The delicious product of two immigrants, James Lick and Domingo Ghirardelli
James Lick arrived in San Francisco – then known as Yerba Buena - in January 1848 when the population was barely 1000. Lick had acquired a modest fortune as a piano maker, fur trader and entrepreneur in Argentina, Chile, and Peru in the years 1821-47. The wily Lick used that money to buy land in San Francisco, carefully calculating the logical direction of the city’s expansion, and built a fortune.
One of Lick’s friends and neighbors in Peru was a man named Domingo Ghirardelli.
Domenico (Domingo was the name he used in Peru) was born in 1817 near Genoa. He learned the confectionery trade as a young man. Like his friend James Lick, he had immigrated to South America. Ghirardelli had moved first to Uruguay, then Peru where he had a successful confectionary business.
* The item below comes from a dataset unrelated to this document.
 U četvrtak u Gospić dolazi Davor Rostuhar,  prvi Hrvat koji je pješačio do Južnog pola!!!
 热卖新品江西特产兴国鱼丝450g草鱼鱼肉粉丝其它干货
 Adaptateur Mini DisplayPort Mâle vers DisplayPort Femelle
James Lick had brought 600 pounds of Ghirardelli’s chocolates with him to California, which he quickly converted to cash. He urged Ghirardelli to come to California and ‘get into the chocolate business.’ Ghirardelli sailed to San Francisco but the lure of striking it rich in the gold rush diverted him for several years. In 1852 he finally did open up a “candy” store. He soon had several outlets and the business grew.
In 1893, Ghirardelli and his two sons thought big and bought a city block of bay-side property along North Point Street. Ghirardelli Square still contains the old buildings that formed the core of the Ghirardelli family business for over 60 years.
James Lick was a man of many interests and talents, and he was quite successful in California. In 1852-55 he built a four mill in San Jose, which was said to have produced the best flour in the West. He also imported rare and beautiful trees from all parts of the world.
Lick also built one of the Bay area’s first luxury hotels in San Francisco. He had a keen interest in science and near the end of his life, he founded the Lick Observatory at Mt. Hamilton, near San Jose, and donated what was then the largest telescope ever made.